Whether a traditional trust split can also be used, for example, to extract certain assets out of the reach of a pre-existing FTE, for example, by relying on the "no material change" provisions, is more debatable. In particular, from a stamp duty perspective, access to duty concessions in most states for trust splitting relies on any split trust still forming part of the original trust, in which case, any FTE made would need to continue to apply for tax purposes.

Heritage trusts

Where a trust deed has heritage problems, such as limited variation powers or a proximate vesting date, the provisions can be used to transfer the assets to a "clean skin" trust deed, avoiding the difficulties and costs associated with making an application to Court to vary the deed.

While there have been a number of Court decisions in recent years allowing the extension of a vesting date to avoid adverse impending revenue consequences, it should be noted there are similarly a number of cases where the Court has denied such an application (see Re Arthur Brady Family Trust; Re Trekmore Trading Trust [2014] QSC 244; Re Plator Nominees Pty Ltd [2012] VSC 284; Stein v Sybmore Holdings Pty Ltd [2006] NSWSC 1004 and Paloto Pty Limited v Herro [2015] NSWSC 445).

In any event, the costs of a Court application itself would appear to be able to be avoided if the provisions can be accessed.

In theory, the new rules will also provide a potential pathway in other problematic areas of an existing trust such as narrow beneficiary classes, mandated (but now inappropriate) appointor or principal roles and, potentially, lost trust instruments.

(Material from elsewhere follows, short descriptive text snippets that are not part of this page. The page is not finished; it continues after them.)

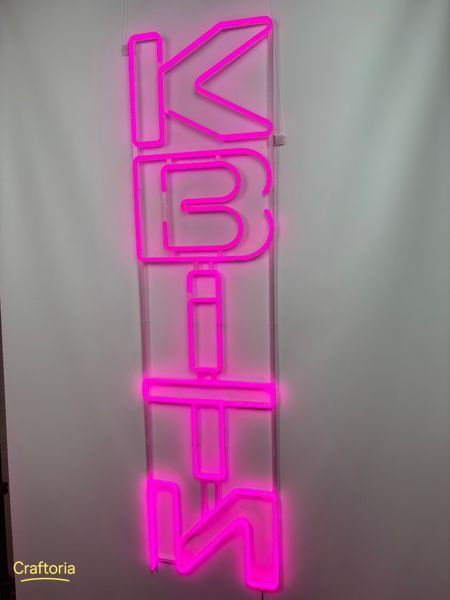 Neon LED sign Neon sign Flowers fat vertical 1400x350 Pink &mdash; product code КВІ-1400x350-РОЖ, main photo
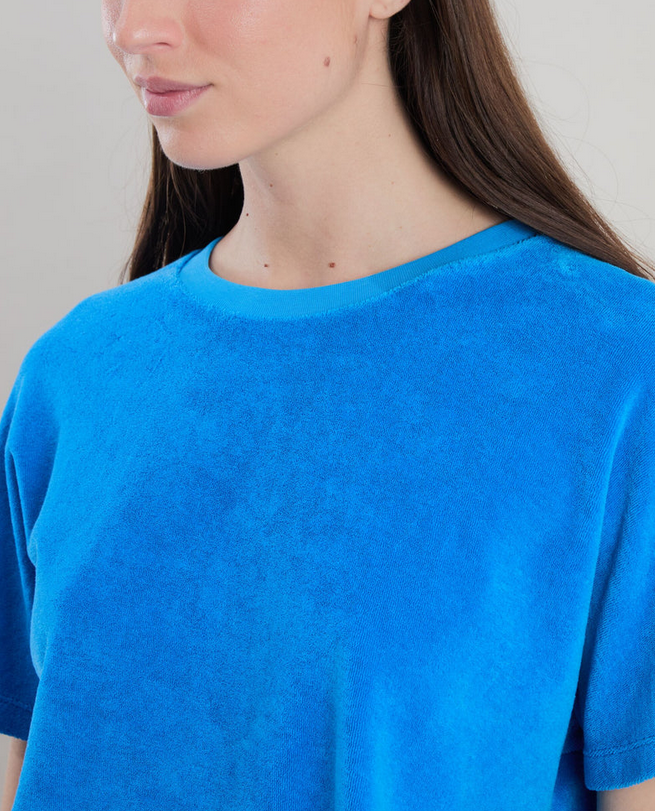 t-shirt terry éponge bleu azur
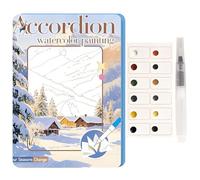 COGVOHY Watercolor Workbook, Folding Watercolor Paint Workbooks Set, Watercolor Paint Workbooks Set with Paint Brush for Painting Enthusiasts (Four Seasons)
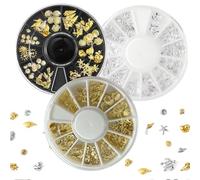 Celblisora 3 boîtes de charmes d'ongles en métal 3D avec étoiles de mer et coquillages, autocollants pour manucure, 12 styles de décoration d'ongles, décorations DIY pour scrapbooking et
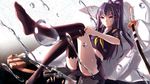  artist_name benghuai_xueyuan black_legwear black_serafuku breasts brown_eyes feet gun handgun highres katana long_hair looking_at_viewer luger_p08 navel no_shoes panties pantyshot pantyshot_(sitting) phantania ponytail purple_hair raiden_mei school_uniform serafuku signature sitting skirt small_breasts smile solo sword thighhighs underwear water weapon 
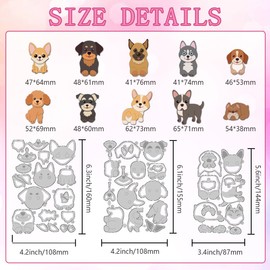 DELORIGIN Dog Cutting Dies Made of Metal Various Breeds Cutting Dies Card Making Cutting Dies Template Embossing Stencils Frame Cutting Stencils Novelties for DIY Embossing Scrapbooking Crafts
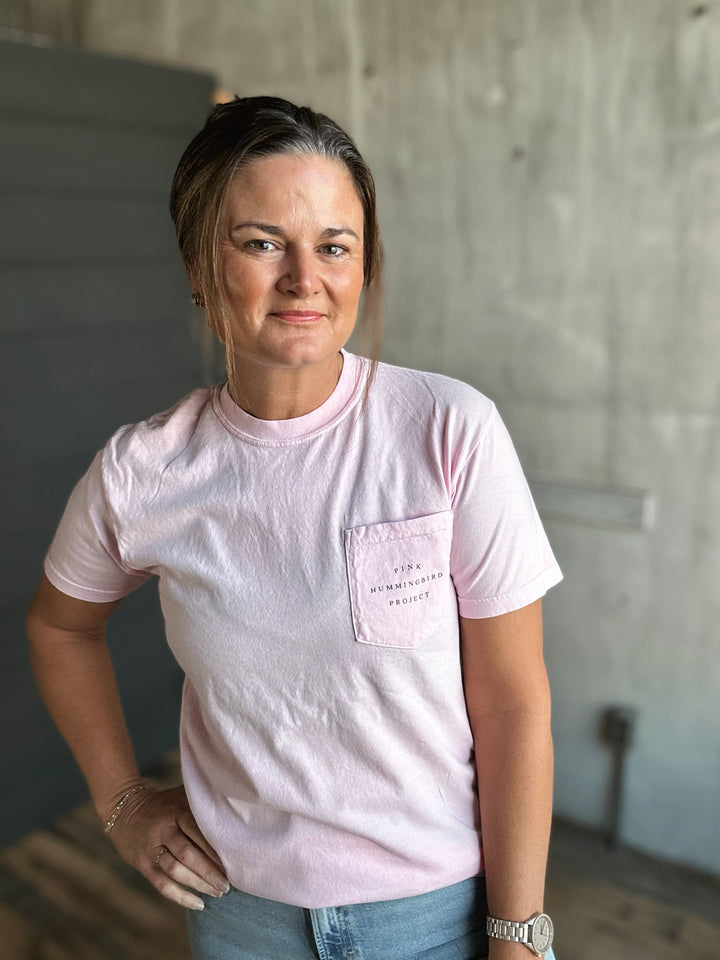Pocket Tee Pink Hummingbird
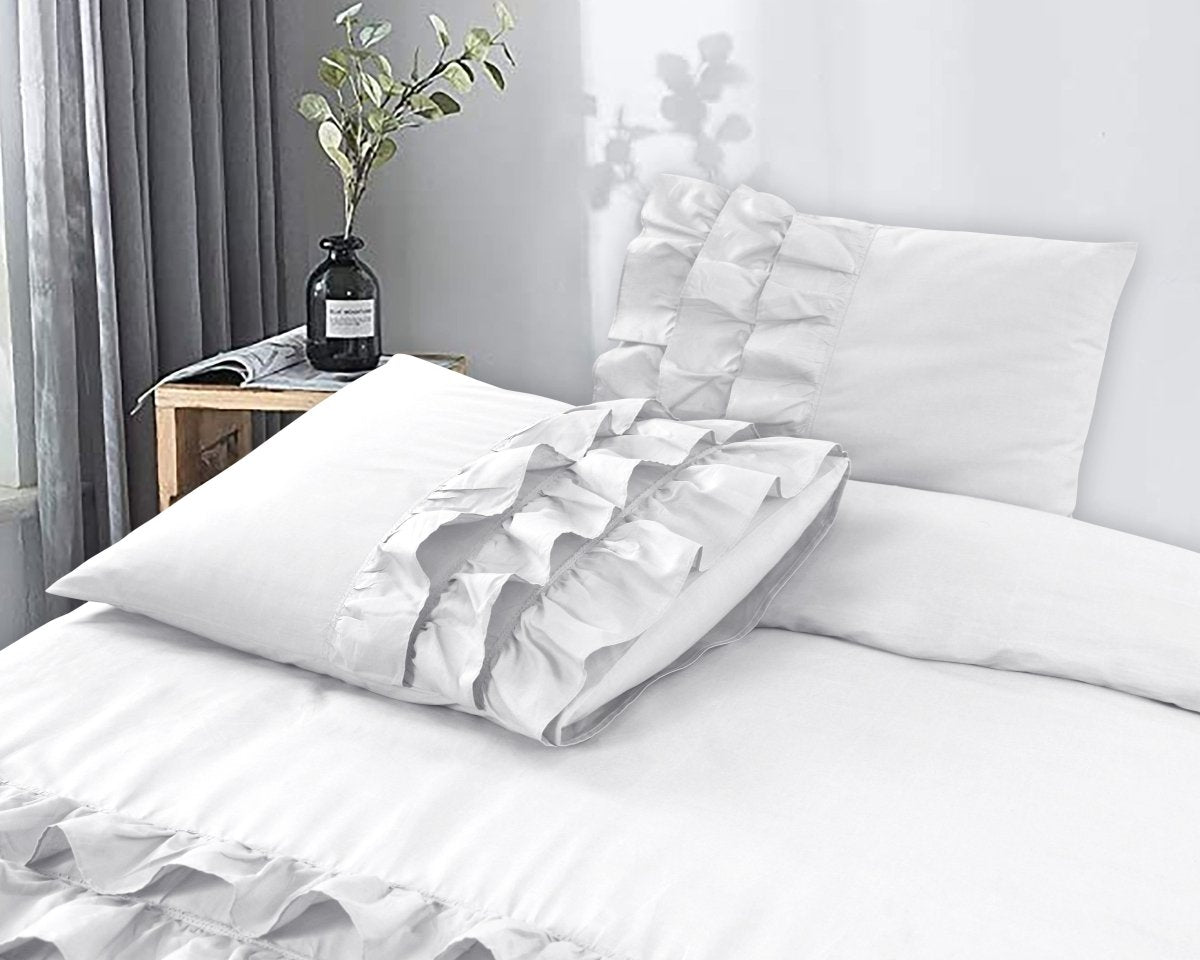 100% Cotton Duvet Cover Set Cyprus | White | Single - 140cm (W) x 220cm (L) - The Bedding & Blankets Store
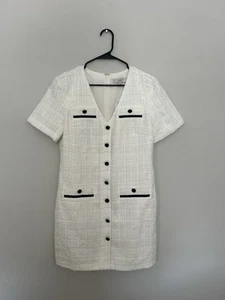 LOFT Women’s White Tweed Shift Dress NWT - Picture 1 of 4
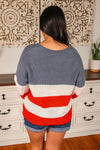 Michelle Mae USA Colorblock Stripes Sweater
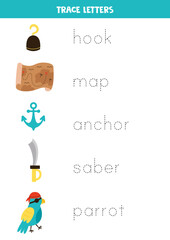 Trace the names of cute pirate elements.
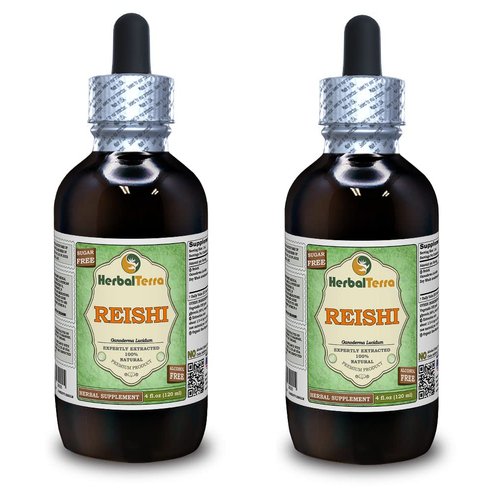Reishi Mushroom (Ganoderma Lucidum) Glycerite, Organic Dried Mushrooms Alcohol-Free Liquid Extract (Brand Name: HerbalTerra, Proudly Made in USA) 2x4 fl.oz (2x120 ml)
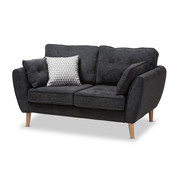 Baxton Studio Miranda Mid-Century Modern Dark Grey Upholstered Loveseat 145-8213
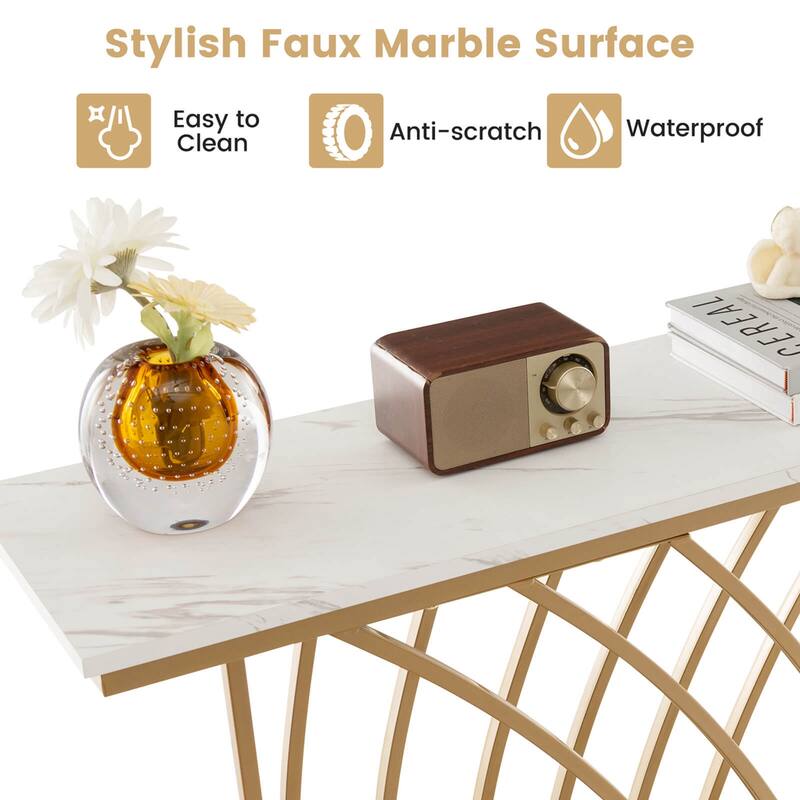Costway 48'' Console Table Modern Accent Entryway Table Long Behind - See Details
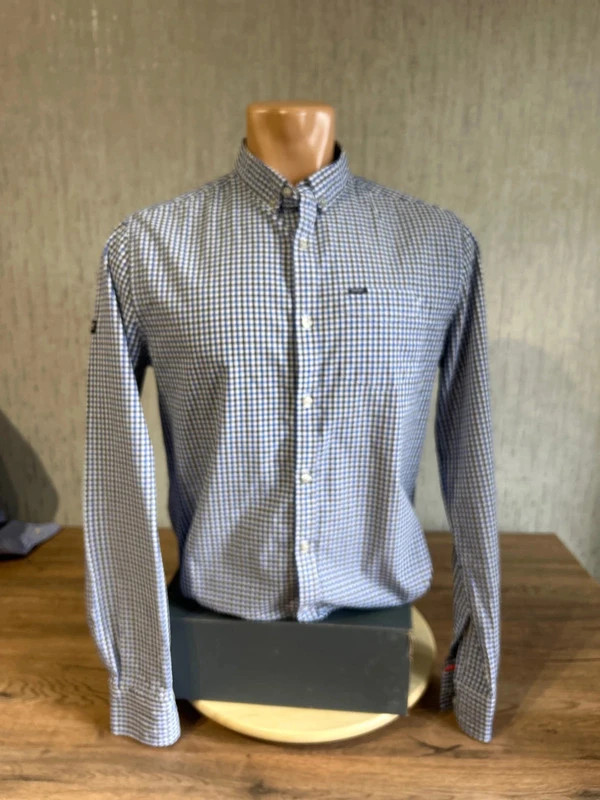 Chemise Oxford Superdry Carreaux Bleu Marine Homme Taille M Regular Fit Coton Logo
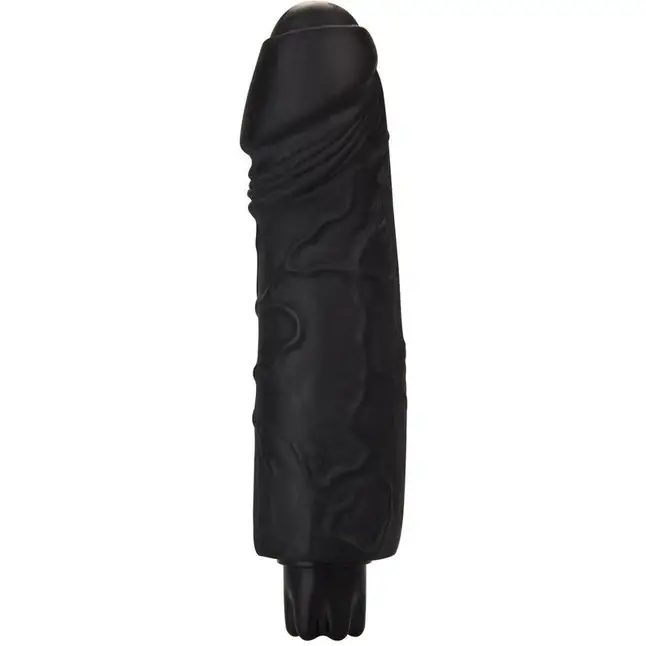 Чёрный вибратор Realistic Skin Vibrator Big - 22 см - Shots Toys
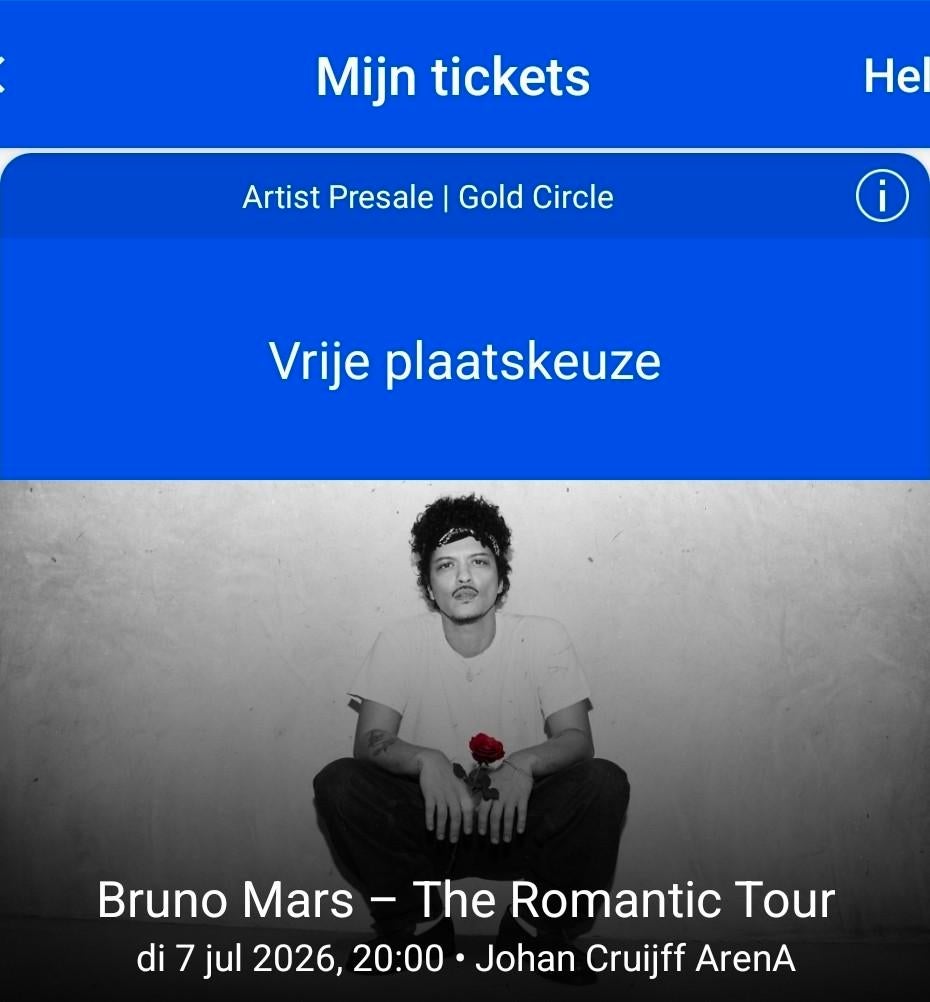 Bruno Mars - 7 Juli - Gold Circle - 4 Stuks, Drie personen of meer, Juli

Future focus While the provisions appear to meet many of the tax-related issues facing SBEs wishing to restructure, other potential transaction costs, particularly stamp duty, will need to be carefully considered before implementing a rearrangement. With New South Wales, following the lead of Victoria and South Australia, set to abolish stamp duty on business transfers from 1 July 2016, it is hoped that all states fall into line in the near future.